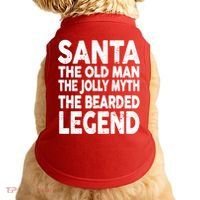 Santa Christmas The Old Man Jolly Myth Bearded Legend Doggie Tank thumb 0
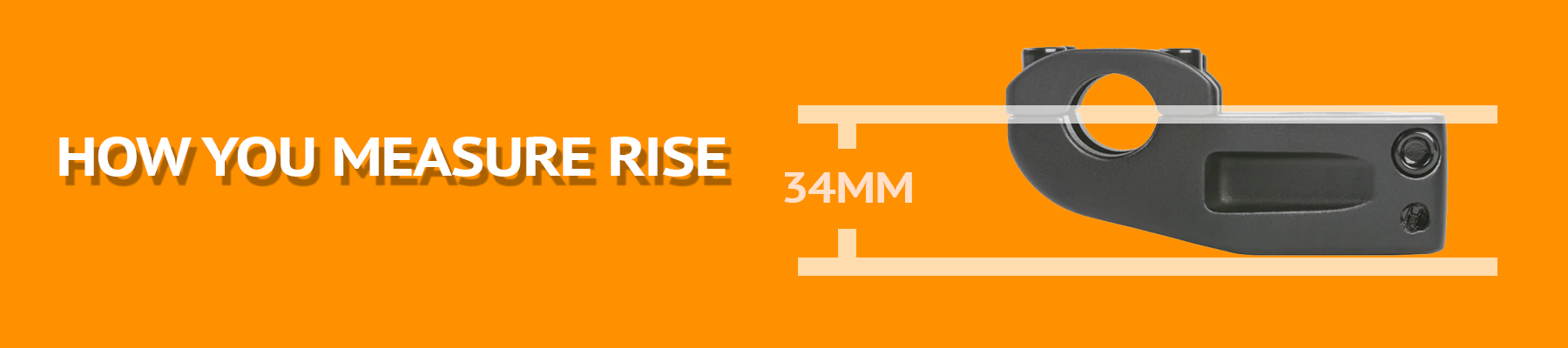 How to measure rise on a bicycle stem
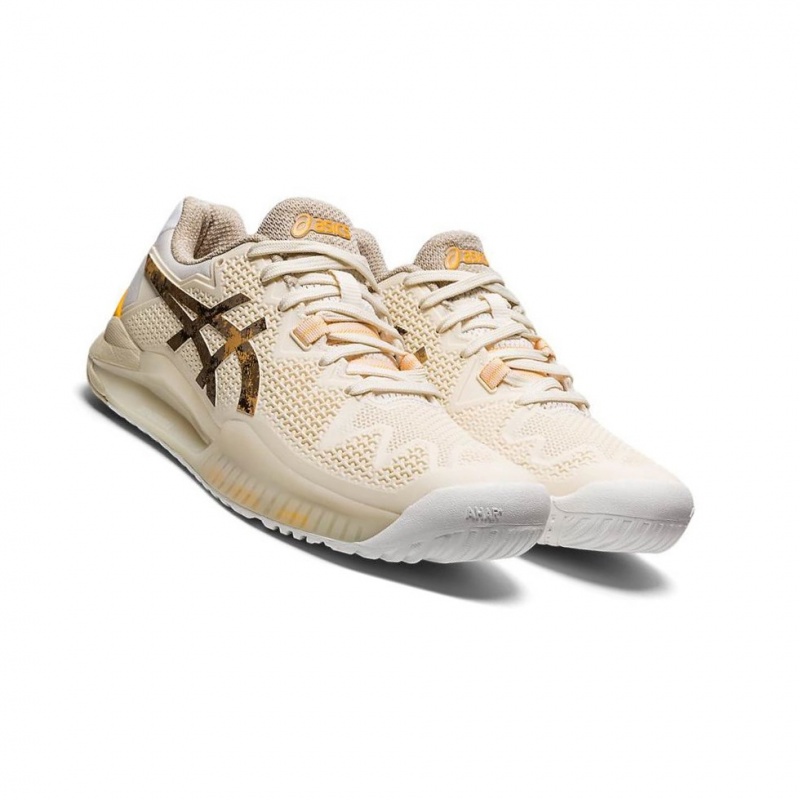 Chaussure Tennis Asics GEL-RESOLUTION 8 L.E. Femme Blanche | ZSAY75268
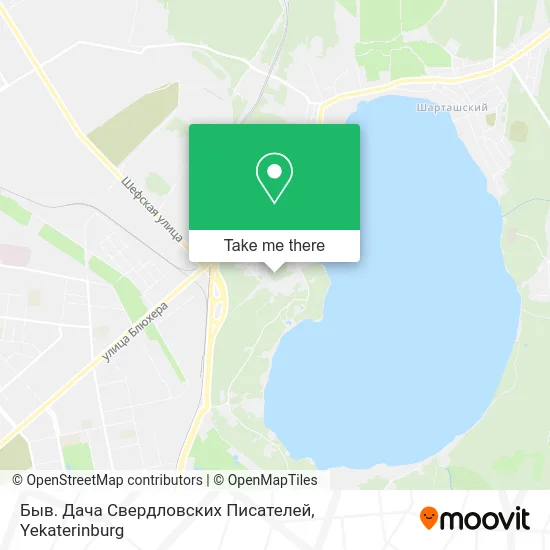 Быв. Дача Свердловских Писателей map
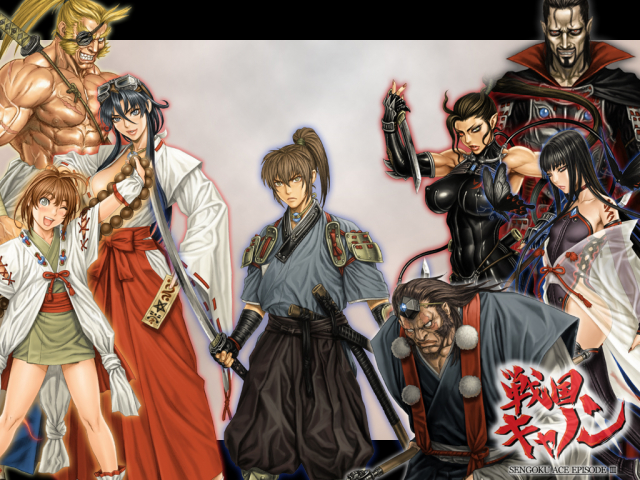 ain (sengoku ace)+aine+izuna (sengoku ace)+kaen+koyori+masamitsu+mizuka+reira (sengoku ace)+tengai+tetsuzan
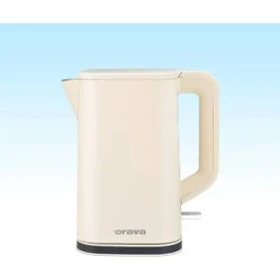 Orava VK-4412 C černo-stříbrná / Skleněná varná konvice / 1.7L / 2200W / podsvícení (VK-4412 C)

--

* **TASK BRIEF**: Set down the lines from the one containing "How to measure rise on a bicycle stem" through the last line of the records above, both included, exactly as they appear and with no other text. Pictures should not be set down.

* **ANSWER FOR THIS EXERCISE**:
 How to measure rise on a bicycle stem
 Chaussure Tennis Asics GEL-RESOLUTION 8 L.E. Femme Blanche | ZSAY75268
 Быв. Дача Свердловских Писателей map
 ain (sengoku ace)+aine+izuna (sengoku ace)+kaen+koyori+masamitsu+mizuka+reira (sengoku ace)+tengai+tetsuzan
 Orava VK-4412 C černo-stříbrná / Skleněná varná konvice / 1.7L / 2200W / podsvícení (VK-4412 C)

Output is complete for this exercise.